*** Block opens ***

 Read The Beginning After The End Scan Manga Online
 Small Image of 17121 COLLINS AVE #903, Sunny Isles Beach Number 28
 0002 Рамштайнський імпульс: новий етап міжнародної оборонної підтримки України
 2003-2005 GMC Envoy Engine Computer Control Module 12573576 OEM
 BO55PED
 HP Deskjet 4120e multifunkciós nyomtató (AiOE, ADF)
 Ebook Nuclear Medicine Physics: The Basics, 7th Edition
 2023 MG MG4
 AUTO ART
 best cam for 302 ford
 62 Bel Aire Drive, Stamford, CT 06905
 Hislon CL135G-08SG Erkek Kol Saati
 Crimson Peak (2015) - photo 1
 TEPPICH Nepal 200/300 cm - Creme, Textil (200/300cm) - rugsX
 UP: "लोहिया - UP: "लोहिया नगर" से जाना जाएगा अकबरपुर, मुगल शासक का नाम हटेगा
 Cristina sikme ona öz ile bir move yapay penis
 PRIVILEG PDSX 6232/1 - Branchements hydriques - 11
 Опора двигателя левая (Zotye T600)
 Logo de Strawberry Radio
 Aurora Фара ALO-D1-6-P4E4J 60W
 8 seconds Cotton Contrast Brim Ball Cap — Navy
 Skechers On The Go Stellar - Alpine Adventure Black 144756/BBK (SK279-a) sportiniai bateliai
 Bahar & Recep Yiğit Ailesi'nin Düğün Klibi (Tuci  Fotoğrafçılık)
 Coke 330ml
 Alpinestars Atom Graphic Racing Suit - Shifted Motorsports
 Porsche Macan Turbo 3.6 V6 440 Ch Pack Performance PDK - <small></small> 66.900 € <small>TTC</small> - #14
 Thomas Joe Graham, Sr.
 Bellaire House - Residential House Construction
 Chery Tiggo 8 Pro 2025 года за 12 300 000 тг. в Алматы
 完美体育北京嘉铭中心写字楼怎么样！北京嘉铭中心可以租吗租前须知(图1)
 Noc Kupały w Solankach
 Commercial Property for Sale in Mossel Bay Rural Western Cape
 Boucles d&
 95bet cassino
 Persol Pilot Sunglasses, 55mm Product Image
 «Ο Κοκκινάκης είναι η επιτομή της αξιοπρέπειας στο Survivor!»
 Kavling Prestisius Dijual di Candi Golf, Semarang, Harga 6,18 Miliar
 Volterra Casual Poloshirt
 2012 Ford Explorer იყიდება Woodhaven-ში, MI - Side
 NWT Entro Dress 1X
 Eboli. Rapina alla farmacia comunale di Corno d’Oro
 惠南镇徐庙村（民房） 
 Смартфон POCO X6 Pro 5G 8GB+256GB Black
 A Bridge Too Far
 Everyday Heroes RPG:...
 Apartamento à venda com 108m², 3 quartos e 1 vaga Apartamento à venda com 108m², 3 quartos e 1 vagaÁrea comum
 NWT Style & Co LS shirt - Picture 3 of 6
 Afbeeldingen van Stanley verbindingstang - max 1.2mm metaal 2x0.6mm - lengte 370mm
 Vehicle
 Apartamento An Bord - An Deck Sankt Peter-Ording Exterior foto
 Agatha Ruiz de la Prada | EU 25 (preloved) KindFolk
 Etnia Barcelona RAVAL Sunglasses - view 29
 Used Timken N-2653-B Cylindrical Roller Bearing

*** Block closes ***

◆ Problem statement
Each entry above is to be transcribed word for word.

◆ Result of the task
 Read The Beginning After The End Scan Manga Online
 Small Image of 17121 COLLINS AVE #903, Sunny Isles Beach Number 28
 0002 Рамштайнський імпульс: новий етап міжнародної оборонної підтримки України
 2003-2005 GMC Envoy Engine Computer Control Module 12573576 OEM
 BO55PED
 HP Deskjet 4120e multifunkciós nyomtató (AiOE, ADF)
 Ebook Nuclear Medicine Physics: The Basics, 7th Edition
 2023 MG MG4
 AUTO ART
 best cam for 302 ford
 62 Bel Aire Drive, Stamford, CT 06905
 Hislon CL135G-08SG Erkek Kol Saati
 Crimson Peak (2015) - photo 1
 TEPPICH Nepal 200/300 cm - Creme, Textil (200/300cm) - rugsX
 UP: "लोहिया - UP: "लोहिया नगर" से जाना जाएगा अकबरपुर, मुगल शासक का नाम हटेगा
 Cristina sikme ona öz ile bir move yapay penis
 PRIVILEG PDSX 6232/1 - Branchements hydriques - 11
 Опора двигателя левая (Zotye T600)
 Logo de Strawberry Radio
 Aurora Фара ALO-D1-6-P4E4J 60W
 8 seconds Cotton Contrast Brim Ball Cap — Navy
 Skechers On The Go Stellar - Alpine Adventure Black 144756/BBK (SK279-a) sportiniai bateliai
 Bahar & Recep Yiğit Ailesi'nin Düğün Klibi (Tuci  Fotoğrafçılık)
 Coke 330ml
 Alpinestars Atom Graphic Racing Suit - Shifted Motorsports
 Porsche Macan Turbo 3.6 V6 440 Ch Pack Performance PDK - <small></small> 66.900 € <small>TTC</small> - #14
 Thomas Joe Graham, Sr.
 Bellaire House - Residential House Construction
 Chery Tiggo 8 Pro 2025 года за 12 300 000 тг. в Алматы
 完美体育北京嘉铭中心写字楼怎么样！北京嘉铭中心可以租吗租前须知(图1)
 Noc Kupały w Solankach
 Commercial Property for Sale in Mossel Bay Rural Western Cape
 Boucles d&
 95bet cassino
 Persol Pilot Sunglasses, 55mm Product Image
 «Ο Κοκκινάκης είναι η επιτομή της αξιοπρέπειας στο Survivor!»
 Kavling Prestisius Dijual di Candi Golf, Semarang, Harga 6,18 Miliar
 Volterra Casual Poloshirt
 2012 Ford Explorer იყიდება Woodhaven-ში, MI - Side
 NWT Entro Dress 1X
 Eboli. Rapina alla farmacia comunale di Corno d’Oro
 惠南镇徐庙村（民房） 
 Смартфон POCO X6 Pro 5G 8GB+256GB Black
 A Bridge Too Far
 Everyday Heroes RPG:...
 Apartamento à venda com 108m², 3 quartos e 1 vaga Apartamento à venda com 108m², 3 quartos e 1 vagaÁrea comum
 NWT Style & Co LS shirt - Picture 3 of 6
 Afbeeldingen van Stanley verbindingstang - max 1.2mm metaal 2x0.6mm - lengte 370mm
 Vehicle
 Apartamento An Bord - An Deck Sankt Peter-Ording Exterior foto
 Agatha Ruiz de la Prada | EU 25 (preloved) KindFolk
 Etnia Barcelona RAVAL Sunglasses - view 29
 Used Timken N-2653-B Cylindrical Roller Bearing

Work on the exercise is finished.